> EXERCISE OBJECTIVE
Please copy the data below exactly; none of the pictures in it belong in the copy.

Caption-style text data
+++++

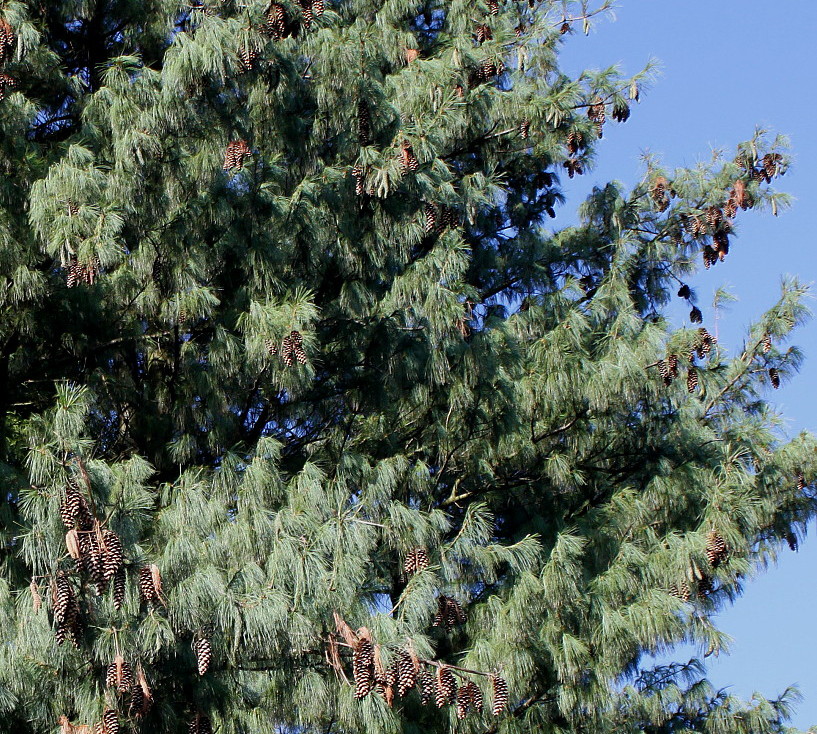 Image of Pinus wallichiana specimen.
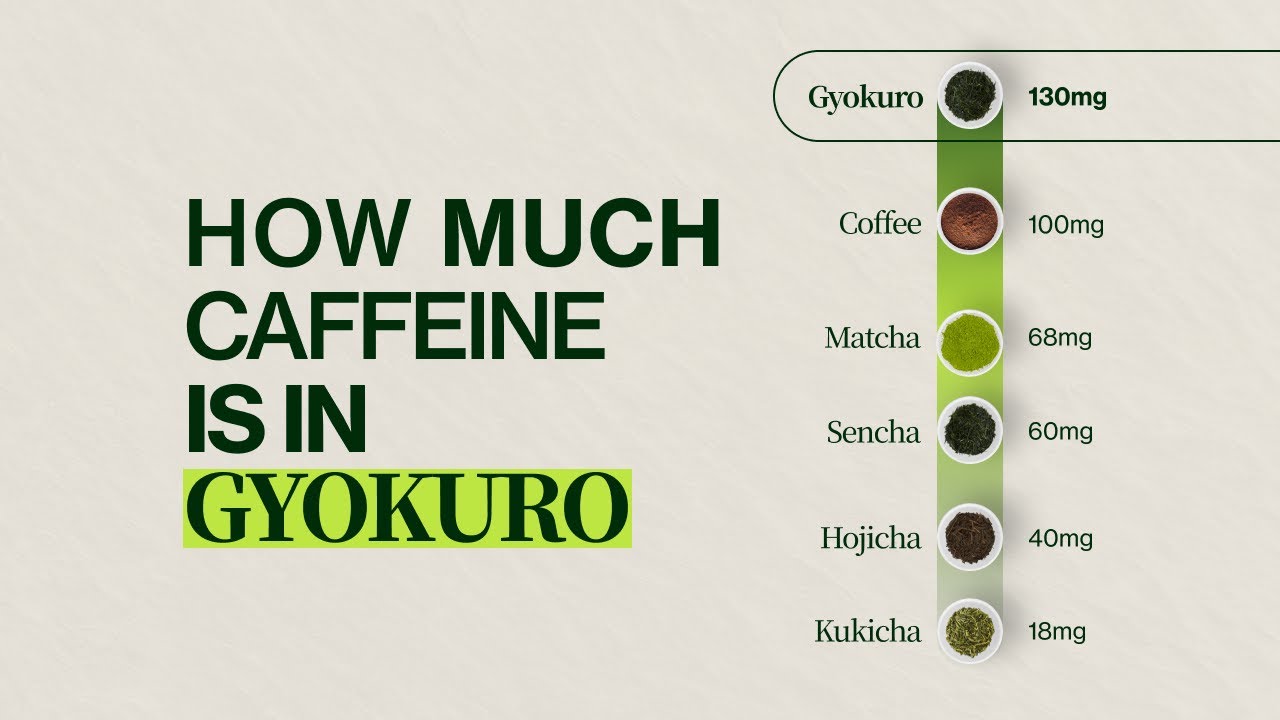 How Much Caffeine is in Gyokuro Tea? Caffeine Content of Gyokuro Green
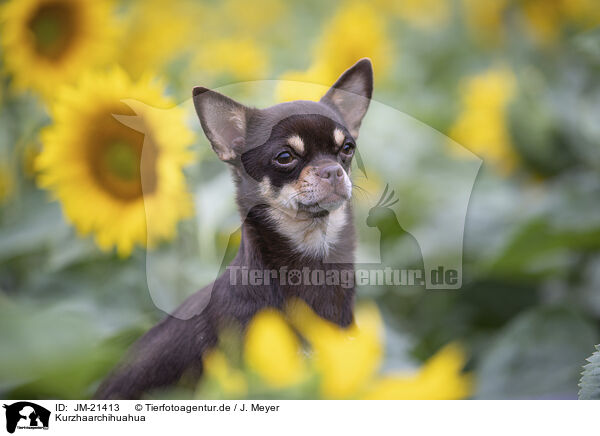 Kurzhaarchihuahua / shorthaired Chihuahua / JM-21413
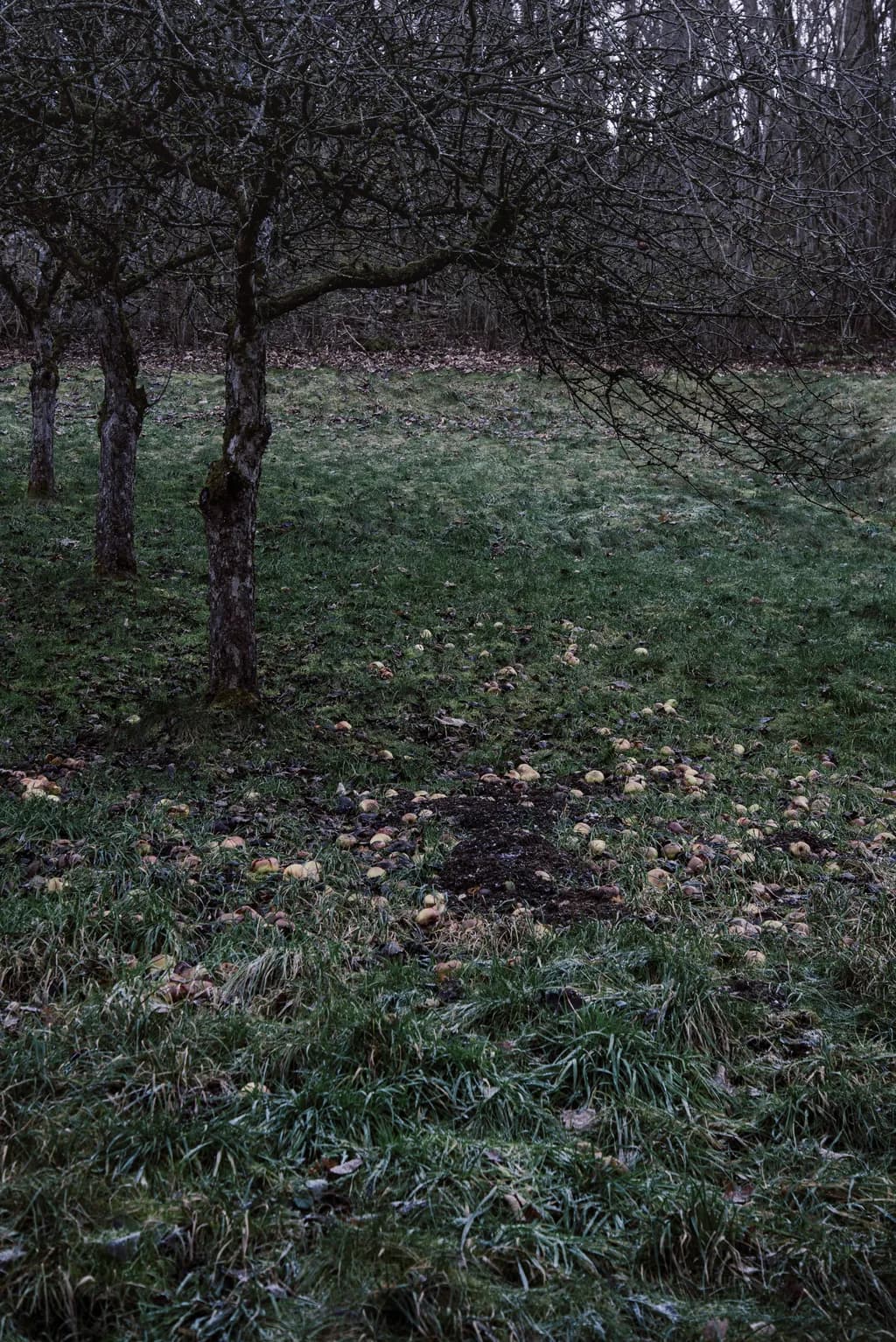 Whispers of Autumn: A Quiet Orchard's Embrace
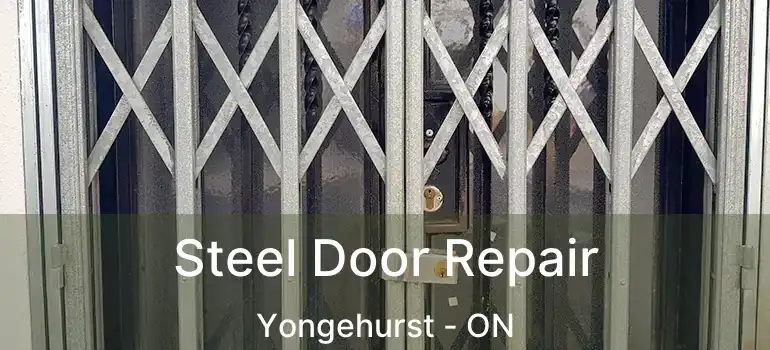  Steel Door Repair Yongehurst - ON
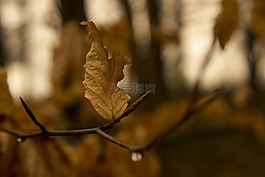 葉子,春天,科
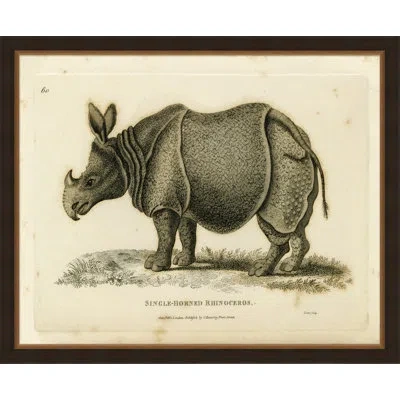 Wendover Art Group Oversized Antique Rhino - Picture Frame Painting On Paper In Gray;beige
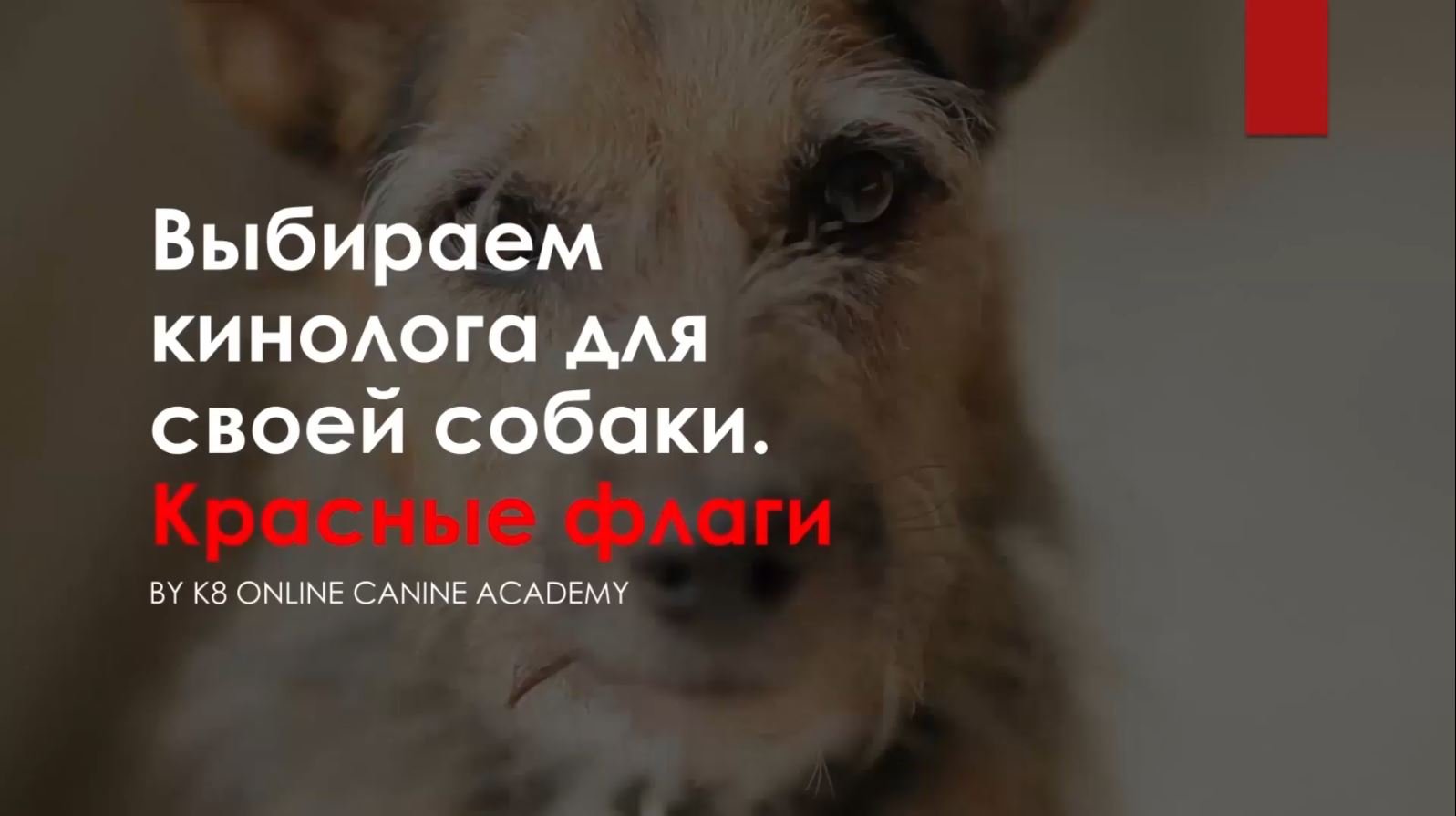 Выбираем кинолога для своей собаки. Красные флаги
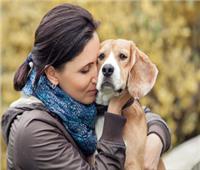 دراسة| «الكلاب تعاني من الاضطرابات الإدراكية التي يعاني منها الإنسان» 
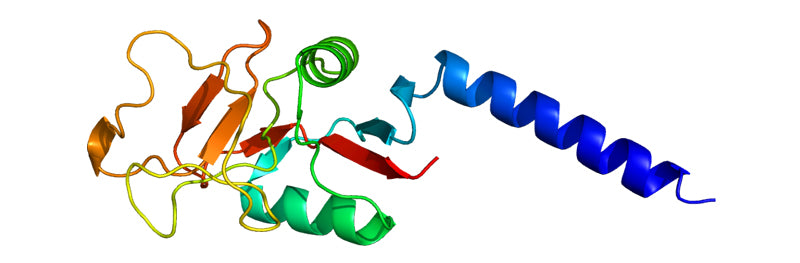 Conjugated Lectins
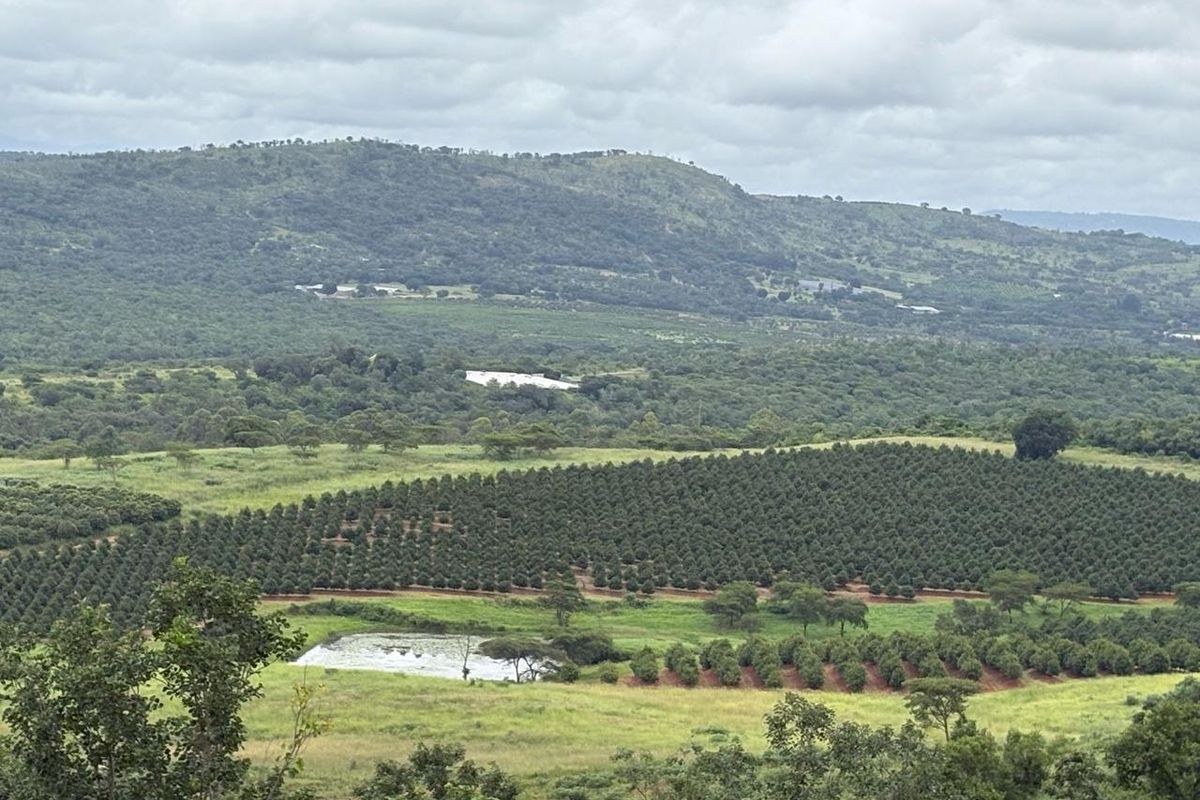 Agricultural Gem: Cleared Land & Established Orchards! - Photo 2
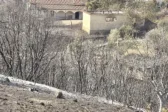 Πανικός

+++++

> RESULT
 Image of Pinus wallichiana specimen.
 How Much Caffeine is in Gyokuro Tea? Caffeine Content of Gyokuro Green
 Kurzhaarchihuahua / shorthaired Chihuahua / JM-21413
 Whispers of Autumn: A Quiet Orchard's Embrace
  Steel Door Repair Yongehurst - ON
 葉子,春天,科
 Wendover Art Group Oversized Antique Rhino - Picture Frame Painting On Paper In Gray;beige
 Выбираем кинолога для своей собаки. Красные флаги
 دراسة| «الكلاب تعاني من الاضطرابات الإدراكية التي يعاني منها الإنسان» 
 Conjugated Lectins
 Agricultural Gem: Cleared Land & Established Orchards! - Photo 2
 Πανικός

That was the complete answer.